Wow! By adding together coefficients from the regressions, we can *exactly* recover each of the group means that we calculated before. This shows that, when all the variables on the right hand side are dummy variables, regression is just a fancy average-making machine. 

Note: We refer to a regression that includes all possible combinations of dummy variable interactions as "fully saturated."

#### END 

**Bonus: Run a regression controlling for other factors that you think might affect welfare participation.
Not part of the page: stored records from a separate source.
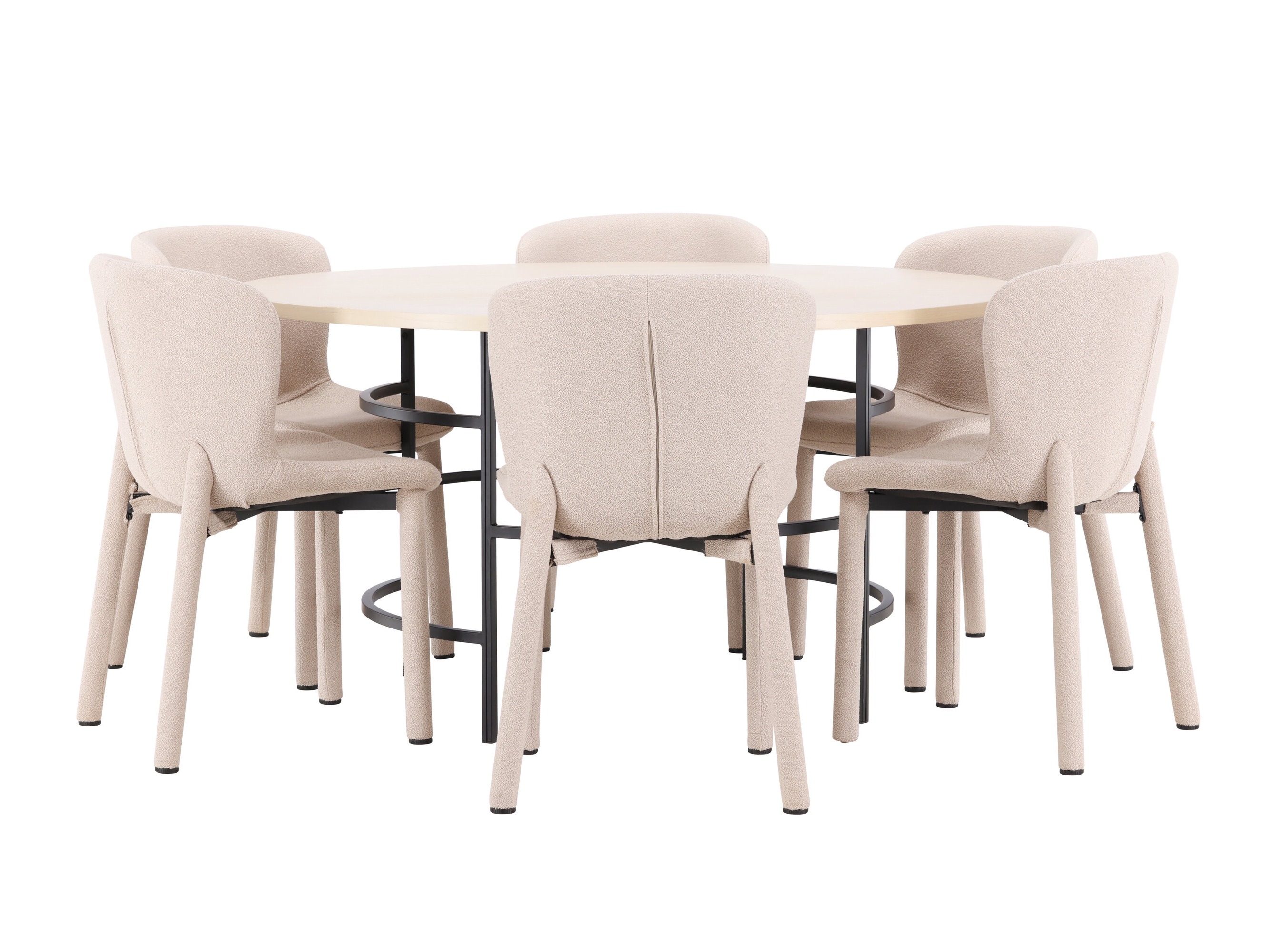Borðstofusett Dallas 4987 (Ljósbrúnn + Svartur)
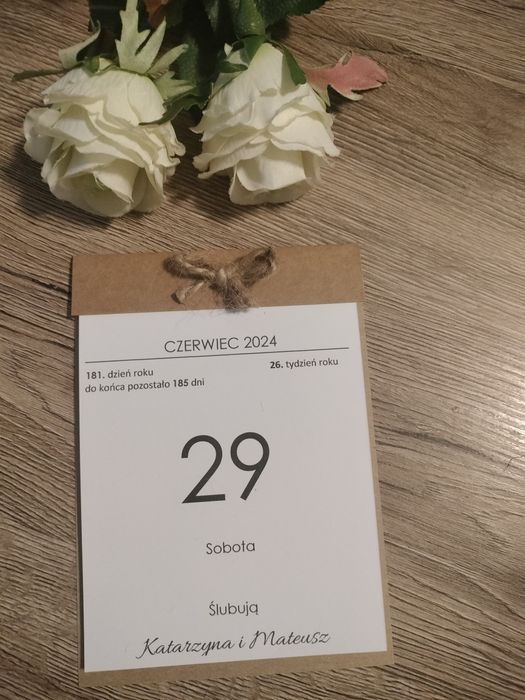 Zaproszenie kartka z kalendarza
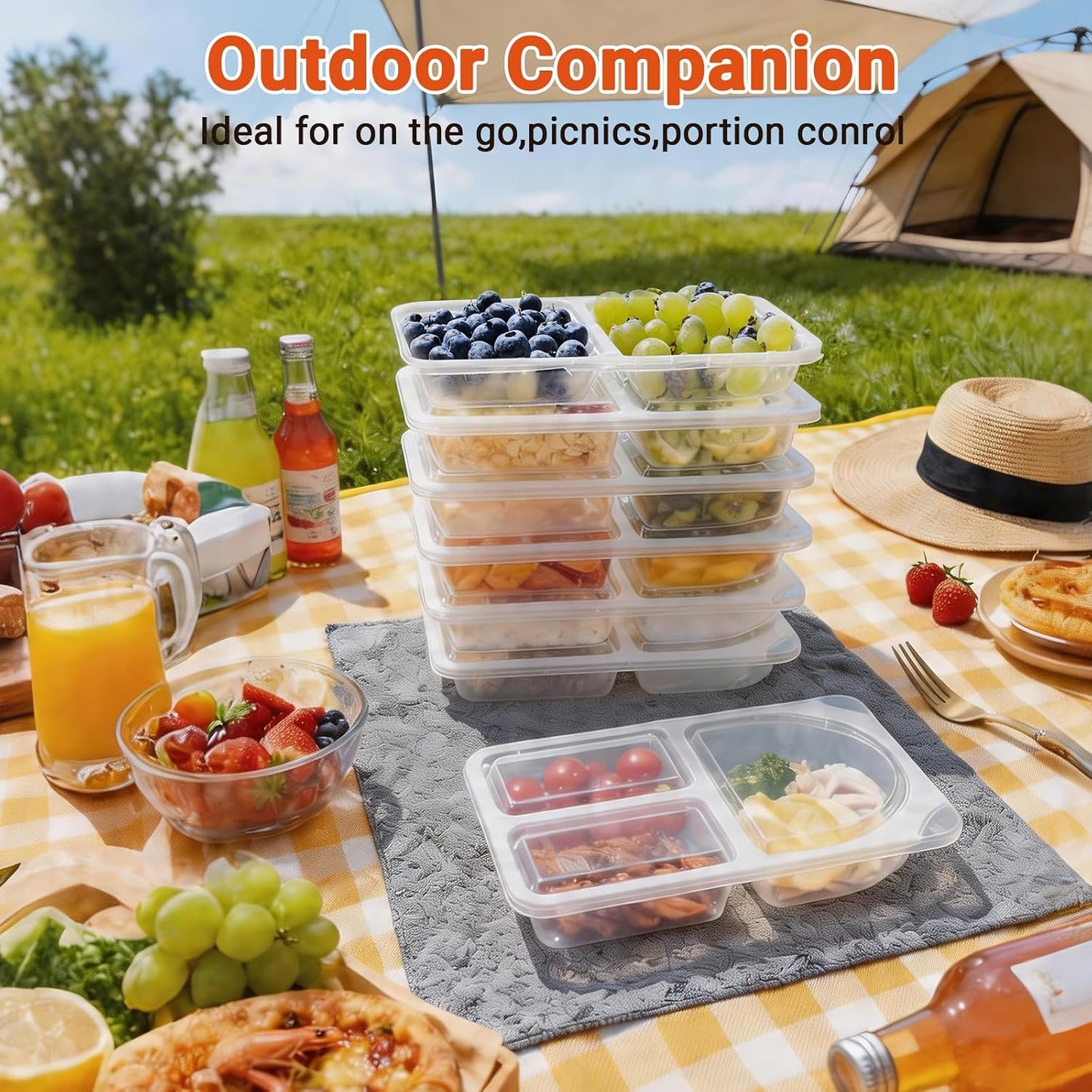 3 Compartment Snack Containers with Lids & 9oz Meal Prep Containers, Reusable Snack Pack Containers, BPA-Free Leakproof Small Food Storage, Perfect for Work, Travel & On-the-Go (10 Sets)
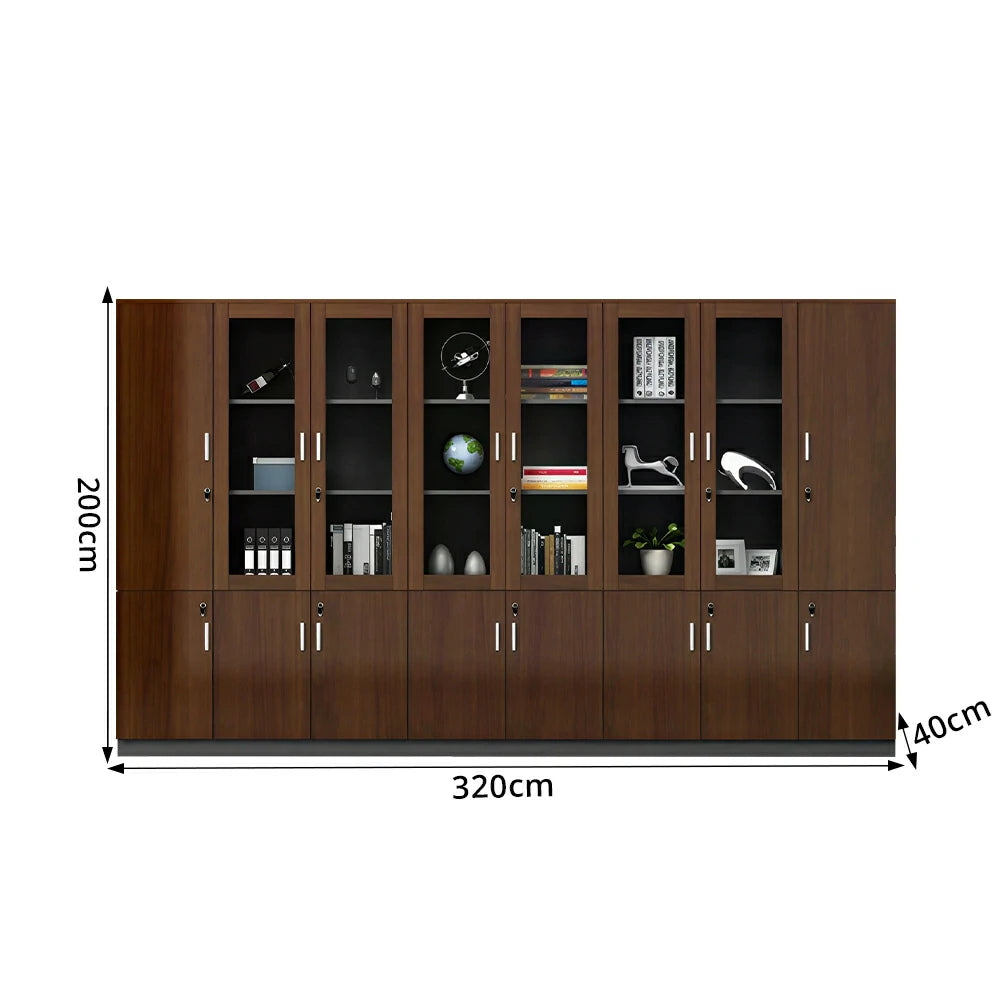 LUXORA Multi Door Office File Cabinet with Glass Display Shelves Large Storage - Walnut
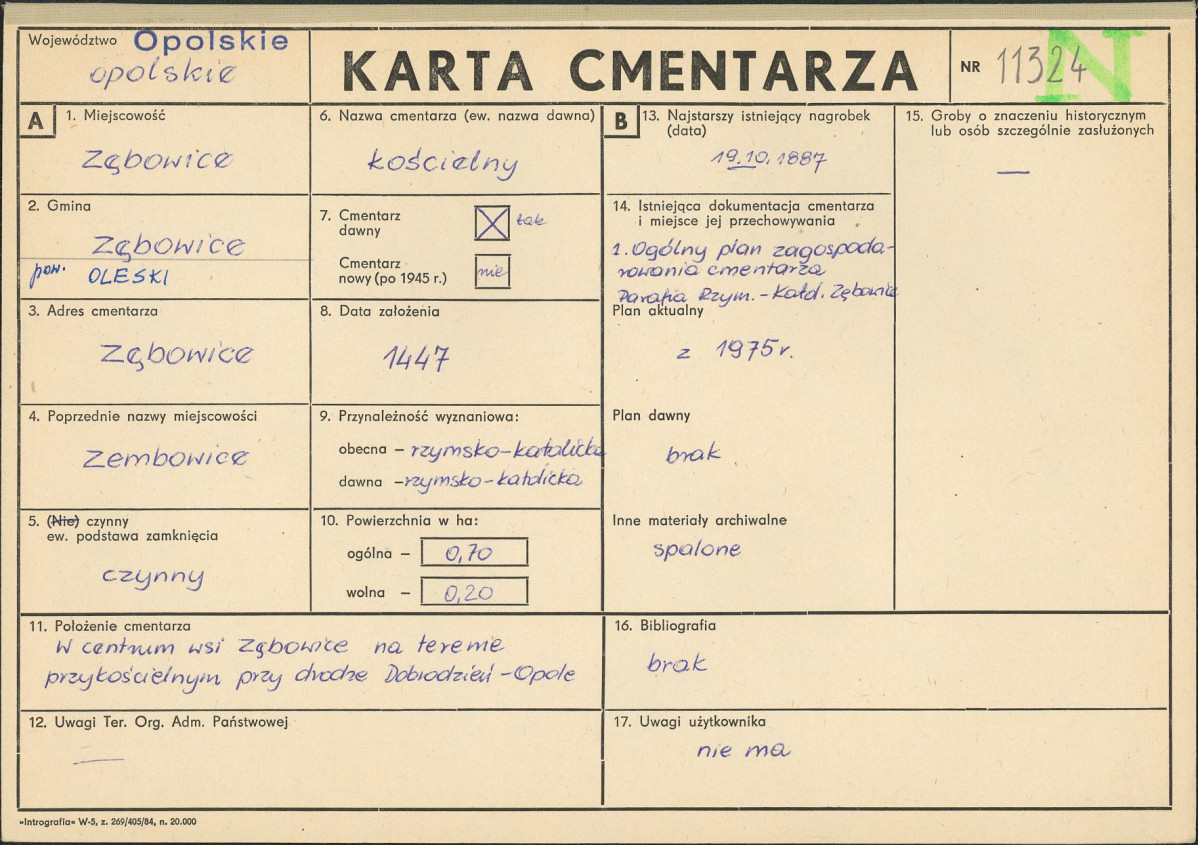 KC - Karta cmentarza, skan nr 1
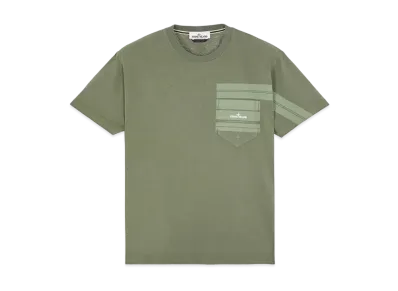 Stone Island 24679 COTTON JERSEY 'MOSAIC TWO' PRINT_SLIM FIT "Sage Green"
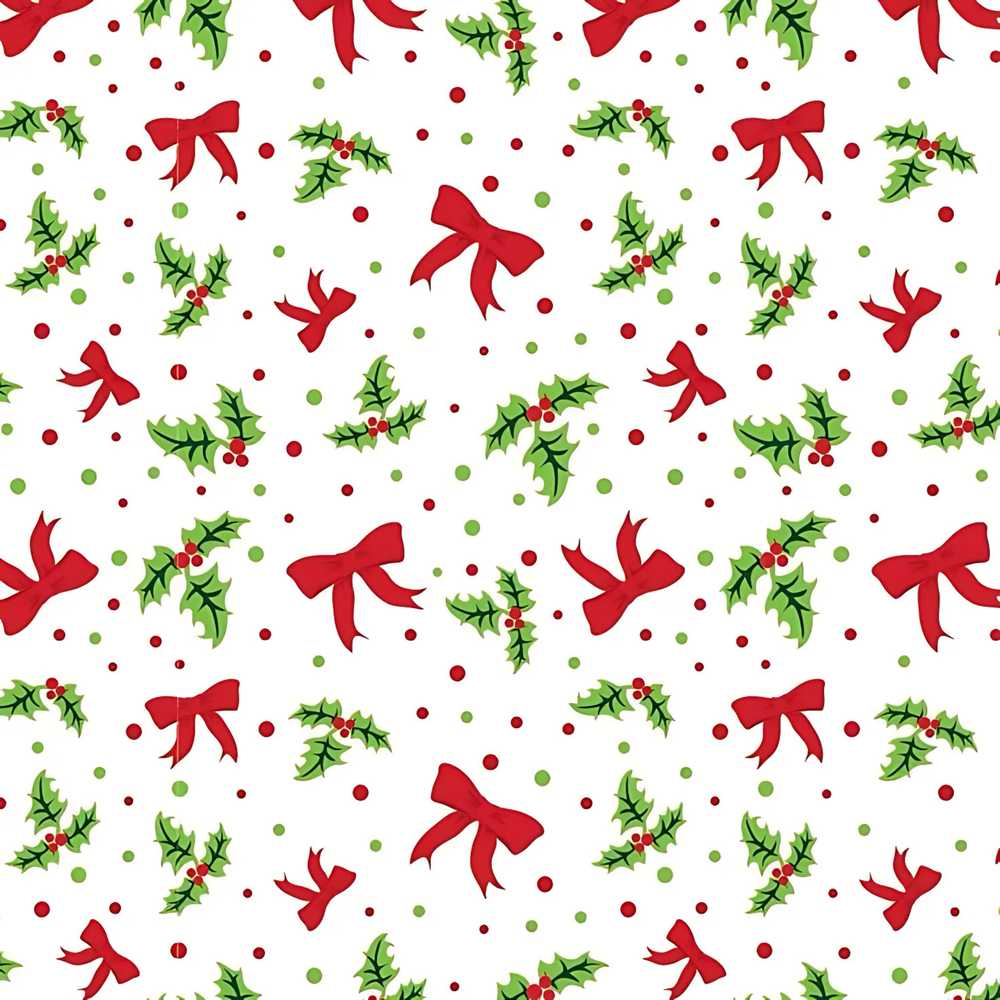 Christmas Holly Leaves Red Bows Polka Dots Wildflower Pattern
How does this change the estimate on the "agree" coefficient?**

In [8]:
# Your code here

Your Answer Here 

#### START 

Controlling for these other characteristics reduces the magnitude of the coefficient on the agree variable. (Especially noteworthy are the fact that working people are less likely to report receiving welfare, all else constant; richer people are less likely to report receiving welfare, all else constant; and black individuals are more likely to report receiving, all else constant.)

However, it is still the case that the relationship between agreeing with the statement "Welfare makes people work less" and reported welfare receipt is negative, statistically significant, and quite large in magnitude. 


#### END 

**Bonus. Create a table showing results from your regressions: the bivariate regression, the regression controling for political party, the regression with interaction terms, and perhaps the regression including other controls.** 

First, run the script below installing the package modelsummary (this may take a minute or so to install).

In [None]:
check_installed <- require(modelsummary)
if(check_installed==F){
  install.packages("modelsummary")
  require(modelsummary)
}

In the code snippet below, `fit1`, `fit2`, and `fit3` is the regression outputs you saved in previous code, `Name of Outcome Variable` is what you would like to show up on the top of each column, and `var1` and `var2` are the name of two independent variables included in the regression (e.g. party_rep). Note that you can and should include all the variables that you used in the models you ran in the `coef_map` line.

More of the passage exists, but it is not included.